You add the different paths to the workflows via the if/else condition blocks in the Flexmail application. When you create a campaign, implement the if/else condition block which assures you that the campaign will stop in time so that only the relevant persons receive your campaign. Actually you anticipate with a checklist: has a contact opened the campaign already after my first email message? Is he member of a group by now? Has he subscribed via the opt-in form on the website in the meantime?

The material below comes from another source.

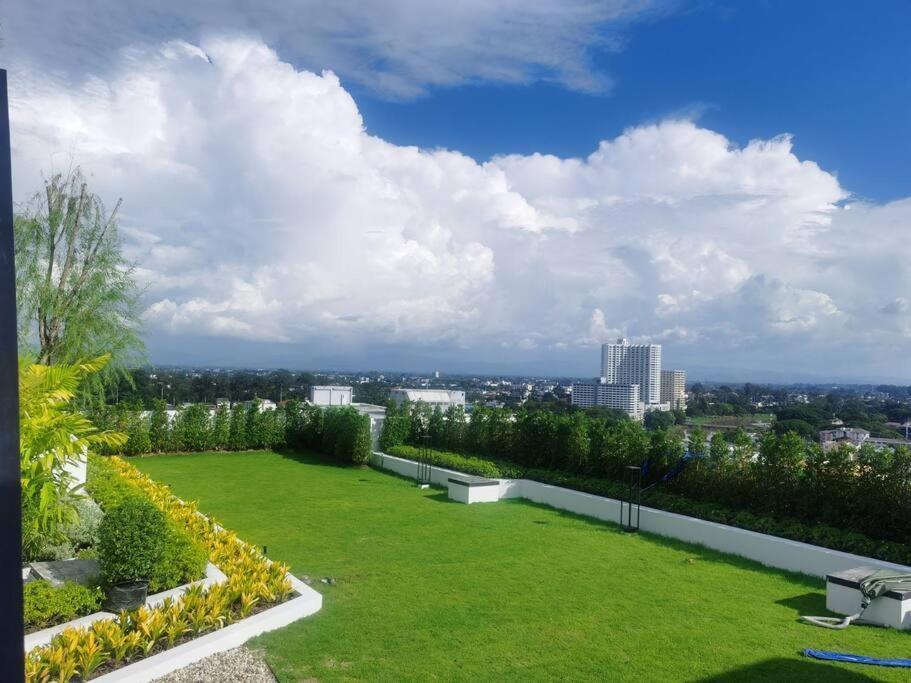 Modern Style Room With Sky Pool 古城边天际泳池公寓 Chiang Mai Exterior photo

Here we illustrate a couple of traps.

  1. You are publisher of a magazine and you have set up a workflow to yearly remind your contacts that their membership is expiring. You have created a series of messages to make sure that your contact continues his membership. Pay attention that when a contact has already renewed his subscription after your first reminder, that he doesn’t receive the whole series of messages. Implement a field in your database that indicates that the membership has been renewed and make sure that the campaign stops in time for those contacts. Update the data of your contact in the database automatically if necessary.
  2. Another one to ponder on: are you planning an event and some contacts didn’t subscribe yet? Then you can send them a series of reminders emails to make sure they still participate. Did the contact decide to subscribe after your first email message? Then incorporate a stop in your workflow via the if/else condition blocks so that you don’t send those contacts irrelevant information.

Setting up an automated scenario can be a godsend for your team, but do make sure you put enough thought into creating a scenario that is perfectly tailored to the needs and journey of your different audiences. It’s the only way to create an optimal user experience.